Several years back, I heard a neighbor talk about a book he had just written about men’s neckties entitled “What Knot to Wear.”

After getting over the obscurity of the topic, I asked him what inspired the idea and he told me of an intriguing story about President Obama having to “upgrade” the way he tied his tie from a basic to a more advanced knot. It got my attention.

When Russ first mentioned the idea, I started thinking about what I would do to promote the topic if it were my book. Here are some thoughts that came to mind:

A nice, safe, business picture

Father’s Day is THE day for ties – hold an “ugliest tie” contest with a local radio station and television early morning program. Give out free books to the top 5, and encourage others to post their fashion foible on a website or FaceBook page. Now that Father’s Day is past, host an ugly tie flea market where people can trade.

Create an interactive book. I recall a pull out section of GQ in my teens that had plastic overlays with different ties and shirts so you could see what went together. I picked it up often and mixed and matched various combinations. Get people to pick it up and play with it in the store and they are likely to throw it on their tab.

This gets noticed more

Create an interactive website. YouTube videos and senseless trivia on the history of the collar, tie, dress shirt, shoes, those funny things that people used to wear to keep up their socks, etc. should all be included.

Become the subject matter expert on all-things-ties. Wait for a royal wedding, celebrity wedding, or some other event where there is a wardrobe malfunction or fashion rule violation involving a tie. Then pound the pavement with local media and become the talking head.

Positioning: this is not a book that you sell at Barnes & Noble, it is a book you sell at the cash register at the Men’s Warehouse for $25, but with a 20% discount if the customer agrees to buy $100 or more in clothing.

This one sold millions – but would have excluded Russ’ target conservative, religious audience

Follow the genius of the Chicken Soup books, create an entire franchise of fashion to include instruction on what shoes to wear, pants, to suspender – or not to suspender, sock garters, etiquette and protocol, etc.

Blanket social media. If the target audience is the up and coming generation hitting Wall Street, frequent those blogs.

Know your audience.
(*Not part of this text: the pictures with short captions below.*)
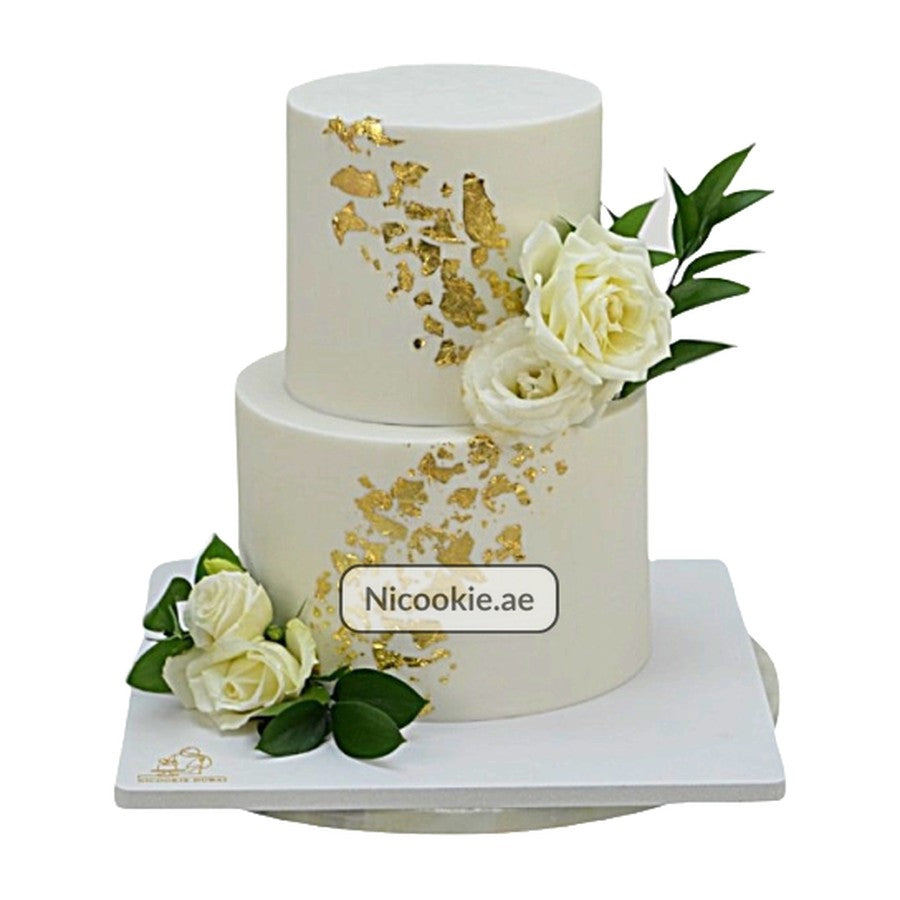 A two-tier white cake decorated with gold leaf and white roses.
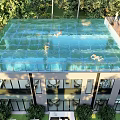 Roof Top Transparent Swimming Pool With People Swimming And Greenery Around Building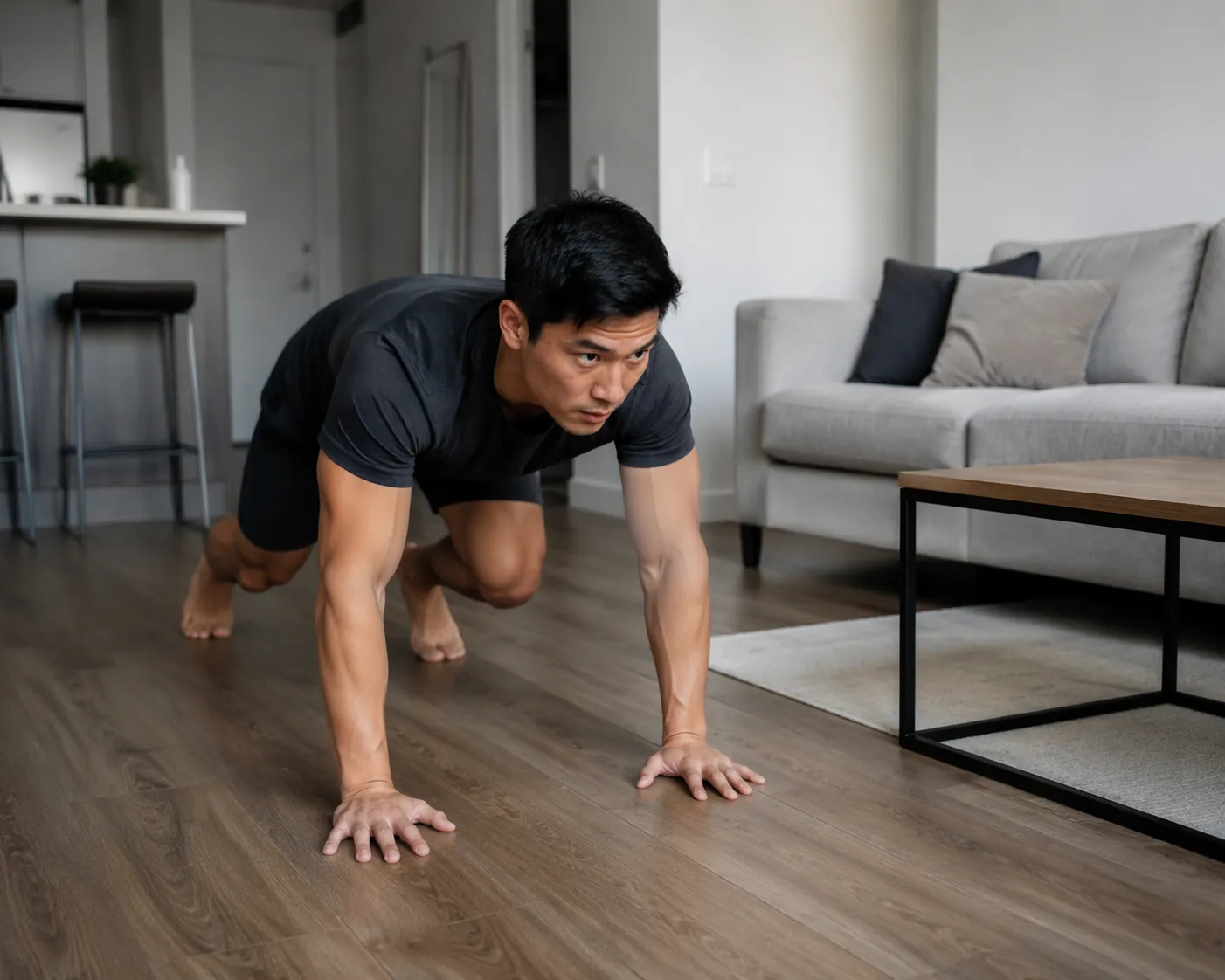 Person performing a bear crawl on a small apartment living room floor with a couch and coffee table nearby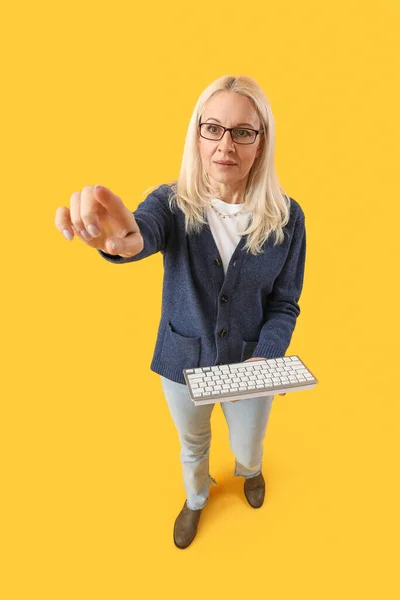 Mature Female Programmer Computer Keyboard Pointing Something Yellow Background — Stock Photo, Image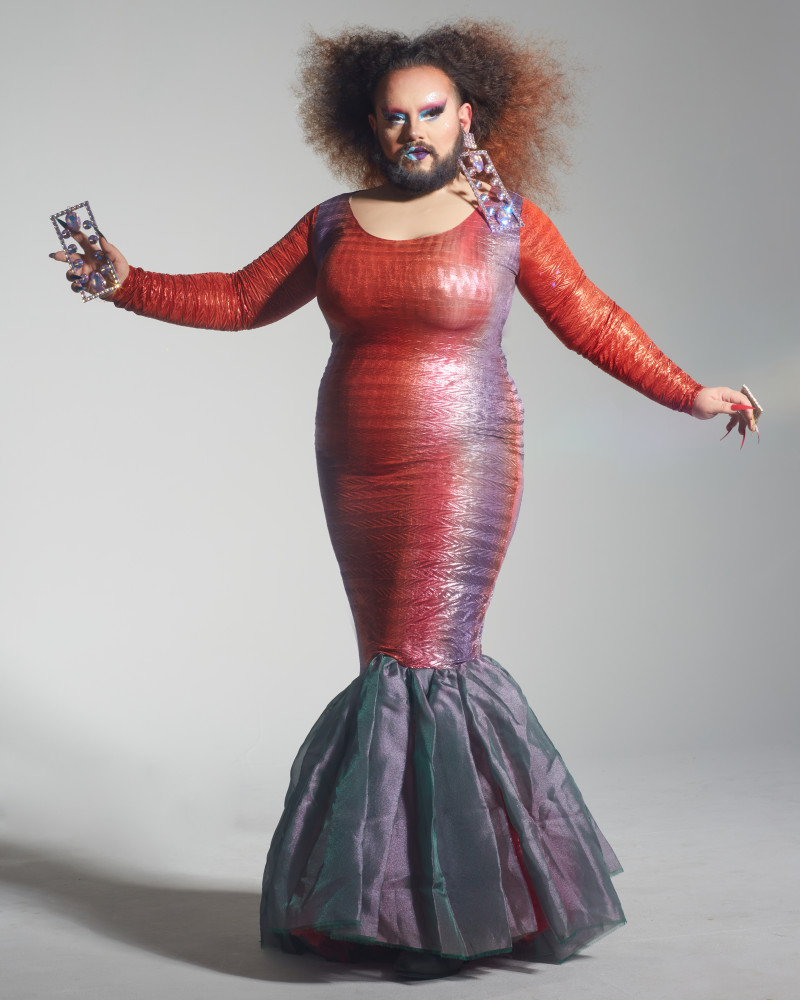 A drag queen with a beard in a mermaid dress.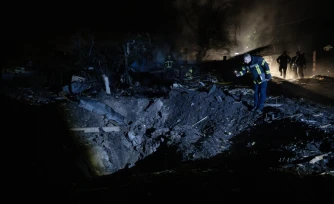 Un pompier ukrainien examine un cratÚre aprÚs une frappe de missile russe qui a touché des habitations à Kiev dans la soirée du 21 octobre 2026
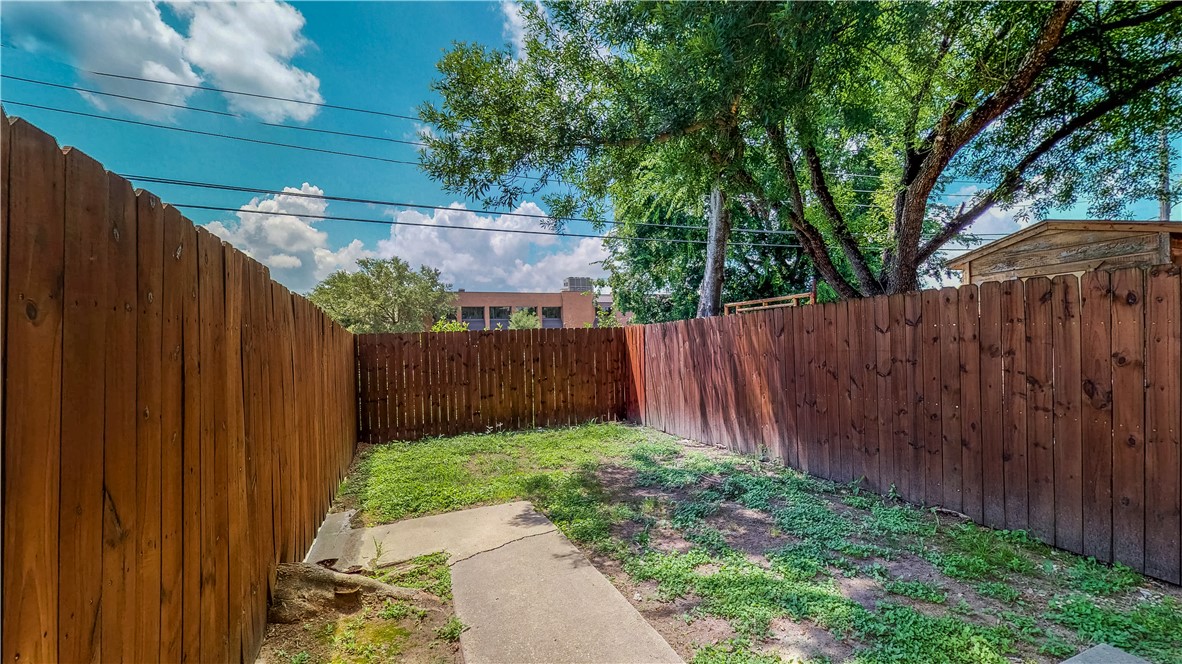 2912 Prairie Flower Circle, Unit D Bryan, TX 77802 - Photo 17 of 22 a view of a backyard with wooden fence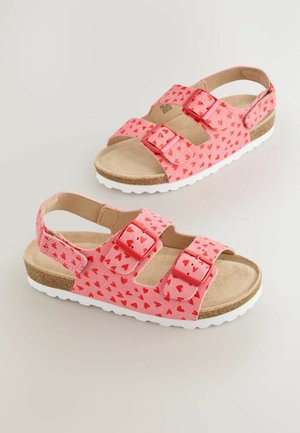 Rosa sandaler med hjärtatmönster, två justerbara remmar, korkfotbädd och vit gummisula. Öppen baksida för enkel på- och avtagning.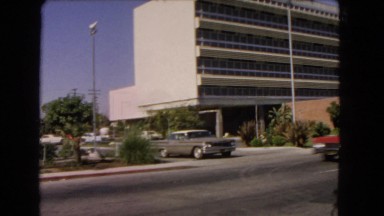 1966: Driver Waits for Car to Pass Before Pulling Out of Parking Lot
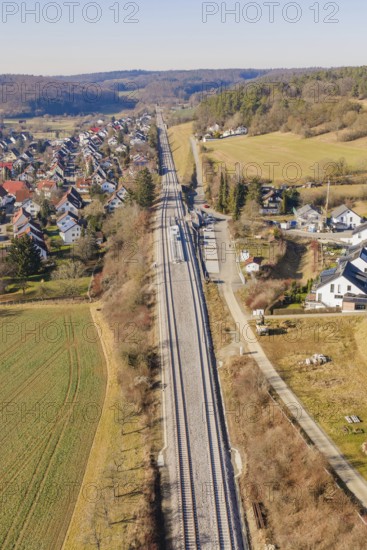 Aerial view of railroad tracks running through a rural area with houses and fields, test run on the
People want to dress up for job interviews, prom, dinners at cruises, holiday parties, etc. Be well positioned for each in social media circles. In Russ’ case, he is going after a conservative and religious base.

Be a guest speaker for etiquette and protocol nights hosted at local colleges. When I was a Communications major, we were required to attend at least one such dinner to be sure we didn’t embarrass ourselves in front of potential clients, bosses, spouse(s), etc.

I was amazed that once I started thinking about it, a topic that I originally thought had very little potential actually had multiple potential paths of success.

But like anything, the trick is to understand in this case you are not selling a book on ties – you are creating a platform to discuss your passion and connect with your audience. The book is one of many tactics. The overall strategy in my mind is to create a tribe of like-minded people.

What additional ideas can you come up with? Help Russ out!

Learn: What is your passion? Neck ties, pit bulls, pansies, UFOs – the process is the same, get to know everything you can about your subject. Reach out to any expert who will talk to you and find out what has gone well for them and what failed.

Act: Get in the circles that discuss your passionate topic. Online is great, in person creates long-term connections, a mixture of both is even better. You need to become the local subject matter expert and it will not happen over night, so start now.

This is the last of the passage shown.